If you want to add them in Primary, it would be best to wash the fruit in cold water first to get rid of the majority of surface crap, then cool the wort to 70-80C and use a hop-bag to dunk the cherries in for 2mins. Once this is done, put them in a sealed container while the wort no-chilled overnight and then dump the cherry bag in the fermenter and rack the wort in on top. However, adding the fruit to primary is believed to 'scrub' a lot of fruit flavour, so it is not recommended.
Putting the fruit into secondary is largely considered to be the better way to have best extraction of the fruit flavours. Before putting them into the fermenter, wash them in cold water then pasteurise at 80C for 1min, or use a Sodium Met. solution to sanitise.
Below is a quick list of do's and dont's of using fruit in a batch of beer-
- DON'T boil, you'll lose all your fruity goodness and risk leaching pectic acid into your wort, causing a haze in the final beer.
- DON'T pulp. Don't bother - This will just make it harder to rack your beer off the fruit.
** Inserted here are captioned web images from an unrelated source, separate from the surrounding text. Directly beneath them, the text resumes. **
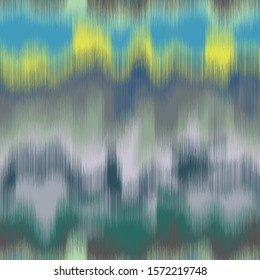 Fuzzy blurry wavy ombre ikat seamless repeat vector pattern swatch. Colorful tile for background or surface design. Generative Art made with code.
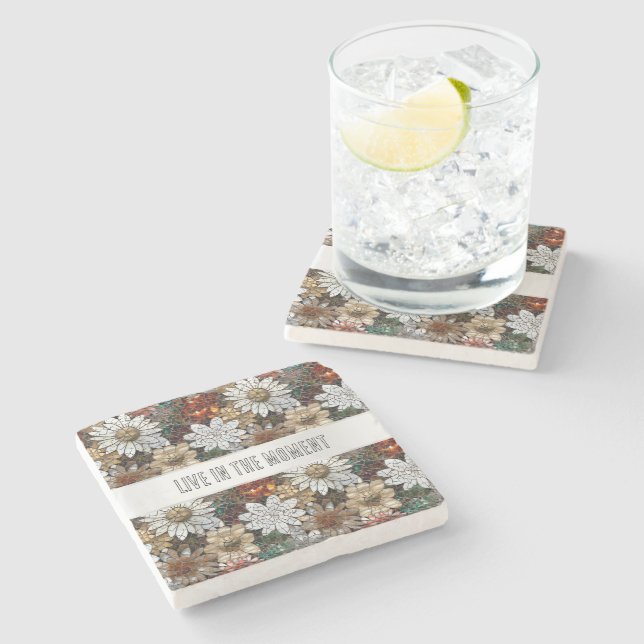 Glam Champagne Gold Red White Flowers Stone Coaster (Side)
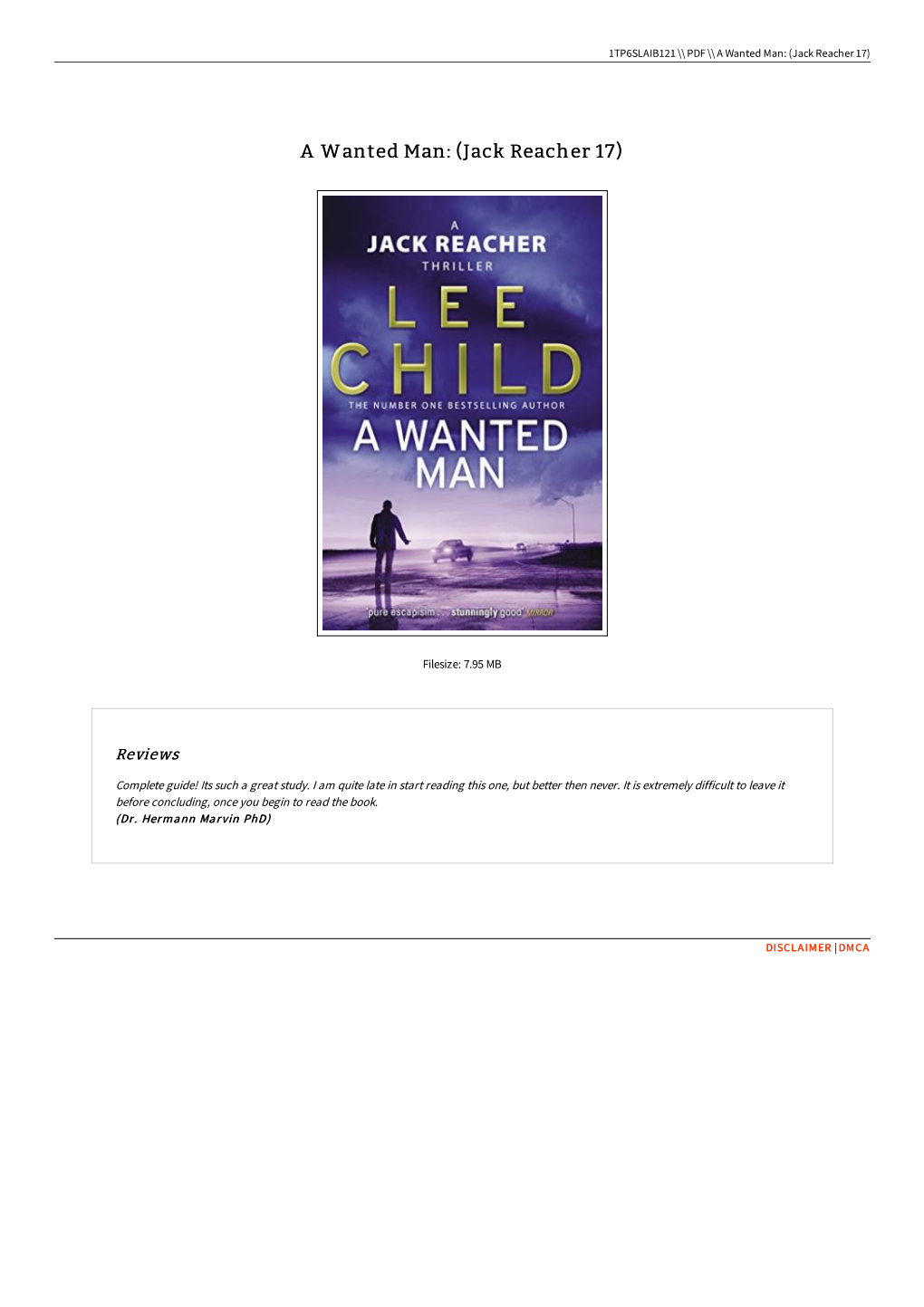 Download Ebook // a Wanted Man: (Jack Reacher 17) « P30PBYO8IWNE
See "Freezing" below.
- DON'T use in primary, you'll ferment-out all your flavour and aroma.
- DO sanitise in water at 80C for 1min or 70C for 2mins. Use a hop-sock or muslin wrap to allow the hot-water to touch all the fruit. Using a zip-lock bag is mostly pointless.
- DO freeze your fruits for a few days or weeks before you use it. This will break-down the cell membranes and make the fruitiness easier to extract into your beer.
- DO use in secondary.
- DO use a sediment reducer in your fermenter, if only so your fruit bits don't clog your tap-hole.
If you're worried about pectic haze, you can use a pectic enzyme to break-down the acid. Should be available from your LHBS.
Don't bother with strawberries - you need a truck-load of them to make any impression on the beer. Or alternatively buy a large box of 'jamming' strawberries from a market.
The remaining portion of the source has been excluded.